The Millers is about a divorced news reporter named Jack (Will Arnett) who’s finally deciding to embrace his new single lifestyle. That is until his father Tom (Beau Bridges) gets inspired by Jack and leaves his mother Carol (Margo Martindale). Out of guilt Jack allows his overbearing mother to stay with him, while his dopey father stays with his sister Debbie (Jayma Mays).
The problem with this show already lies within the summary just given. It feels like this show has been summarized a million times before. This is a classic odd couple pairing, with hardly anything inventive to bring to the already crowded pact of sitcoms that mirror the plot of The Millers. The only thing slightly different is the fact that both children have to take a different parent, making it an even worse divorce for Jack and Debbie as opposed to it happening when they were younger.

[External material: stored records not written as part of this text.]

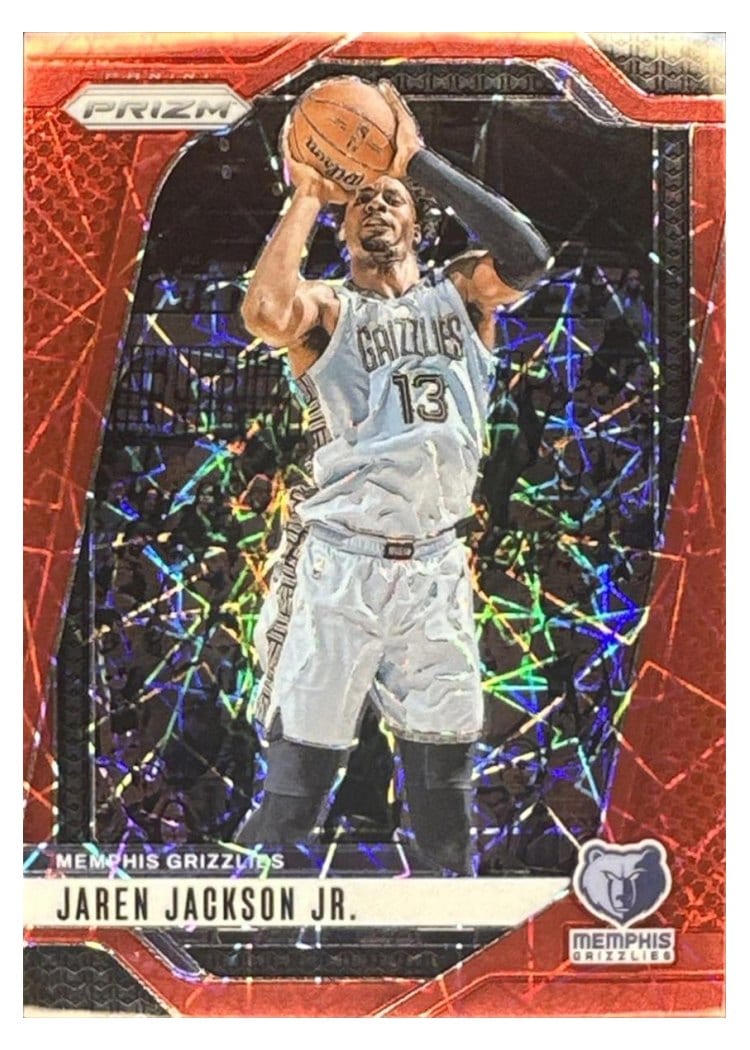 2024-25 Panini Prizm Base Set Jaren Jackson Jr. #140 card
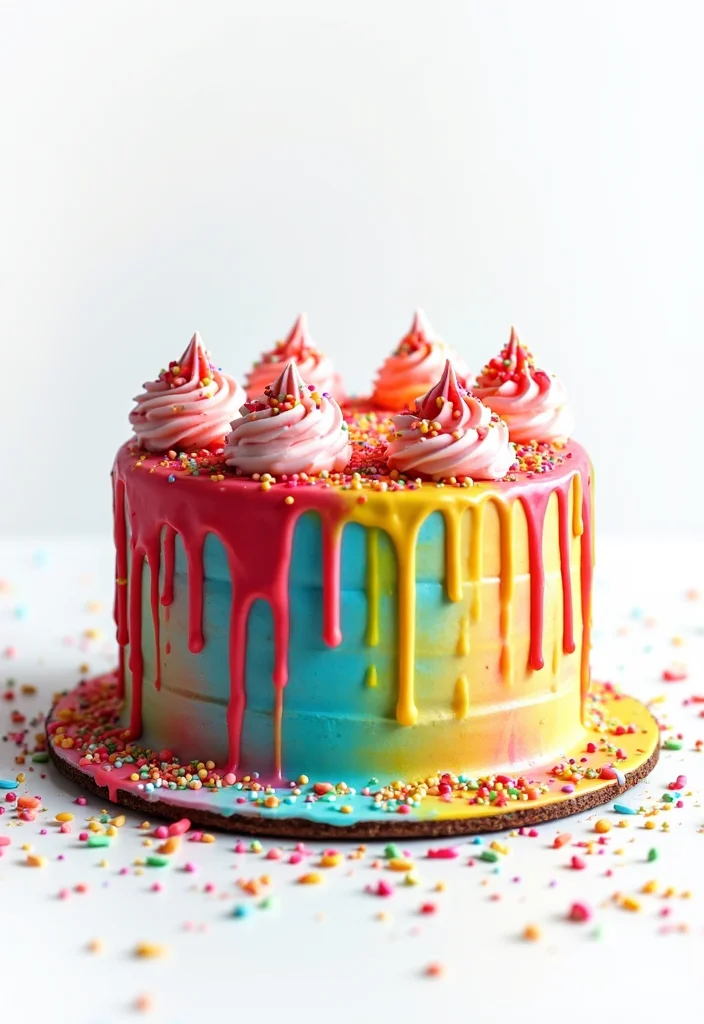 15 Hilariously Funny Cake Ideas That Will Make You LOL! - 1. The 'Oops!' Cake 1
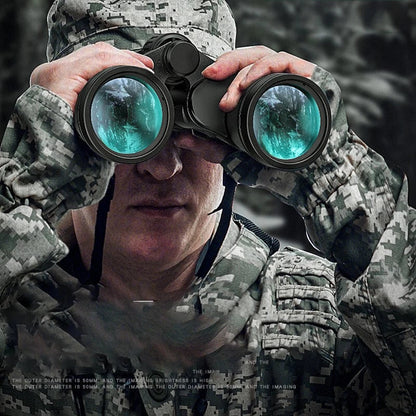 Tactical 50mm Waterproof Binoculars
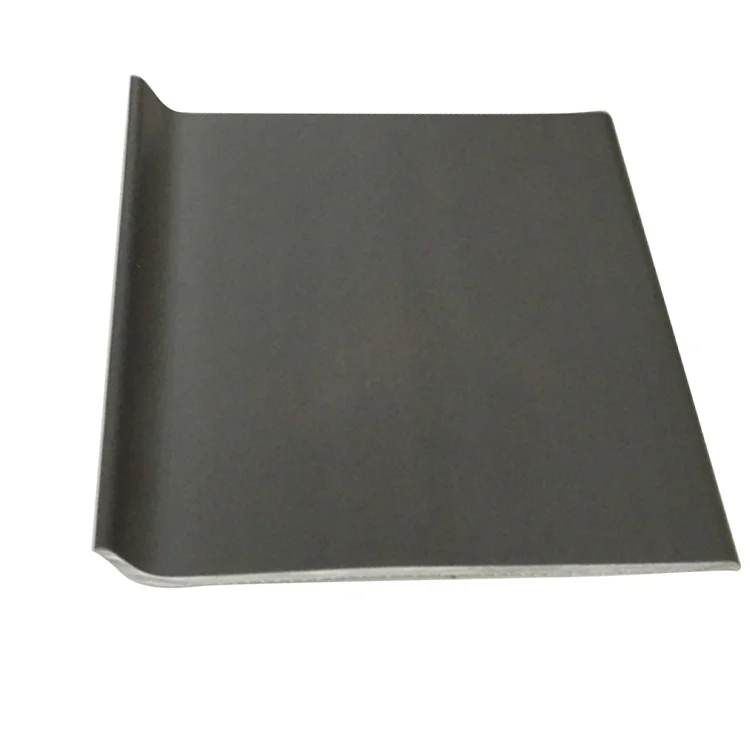 Flexible Vinyl Rubber Baseboard Profile PVC Skirting Baseboard Trim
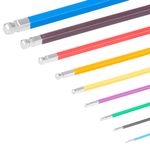 Kulcs készlet Strend Pro, 9 részes, Hex, Cr-V, Imbus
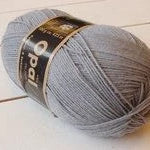Opal Uni 4 ply 5193 Mittelgrau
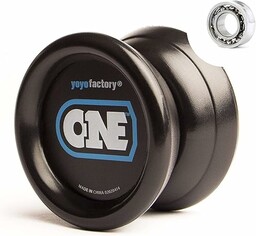 YoyoFactory ONE Yo-Yo - Czarny (od początkującego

Having seen Gregory Thomas Garcia’s previous shows My Name Is Earl and Raising Hope, I was hoping for the same kind of out of the ordinary family dysfunction that gave those shows such a nice twist in their pilot episodes. Garcia is a man who likes to take offbeat premises and transform them into something unpredictable, that also has a good heart. The Millers desperately needed that, especially since its premise is so played out. James Burrows, the director of this episode, whose been involved in iconic sitcoms such Cheers, Frasier and Taxi to name a few, couldn’t help out the lazy and inept script Garcia penned.
The jokes and characters that Garcia created feel so repetitive, constantly relying on the old people jokes and crude jokes that feel out of place and forced. Basically, Beau Bridges’ whole character is an “old person joke”; he has nothing else to offer aside the fact that he’s elderly and therefore doesn’t even know how to use a microwave. These jokes fall flat a majority of the time, but instead of leaving that bad joke alone and moving on the characters keep adding on to it. It’s like they’re beating a horse that’s already dead…just leave it alone.

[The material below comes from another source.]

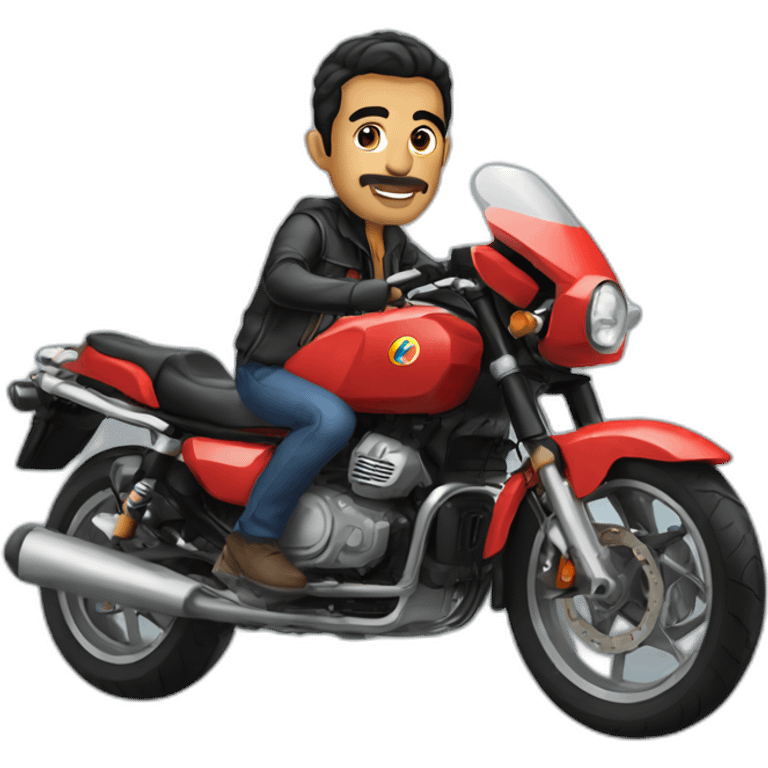 Pablo motos emoji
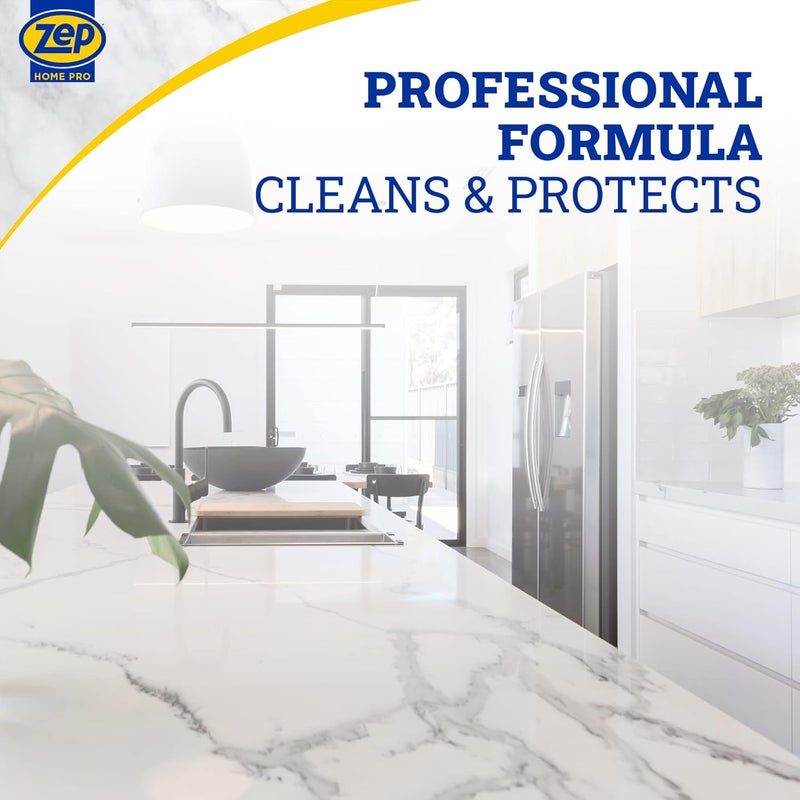 Zep NEW Home Pro 2In1 Marble Granite and Stone Cleaner  24 Fl Oz Pack of 1  R49706  Pro Trusted Cleaning Power Now in Refreshing Scents and Family Friendly Formulas - Image 5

I’m still incredibly shocked that Margo Martindale decided that this should be the first show she should star in after being consistently good for 25 years. She’s an excellent character actor and Emmy winner, who is trying her hardest to work with very little. The energy that she tries to bring to the show is admirable. The show actually worked best when she and Beau Bridges worked together, but that only lasted for five minutes and had a not so happy ending. Will Arnett seems like he’s just here to collect a paycheck until they make a new season of Arrested Development. Arnett is clearly struggling to play the straight man of the series. It feels like he’s suppressing himself from playing the arrogant characters that made him famous. Finally, Jayma Mays just had nothing to do here. It felt like she was taking up space, when in fact she can be funny when given the right material.

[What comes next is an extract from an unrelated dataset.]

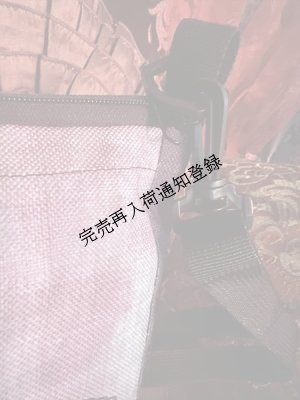 画像4: HOKUSAI　生首　ショルダーバッグ・サコッシュ (4)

The Millers is a played out, been there done that program that wants to be Two and Half Men so badly that it retreats to gross out humor the second they feel like they’re not being edgy enough. Garcia collected such a great cast, but doesn’t know what to do with them, and can’t decide what kind of tone he wants for the show. He gives the audience nothing to look forward to in any upcoming episodes. Maybe it’s not too late for Garcia to adapt this into a comedy about a family that’s trying to smuggle weed past the border.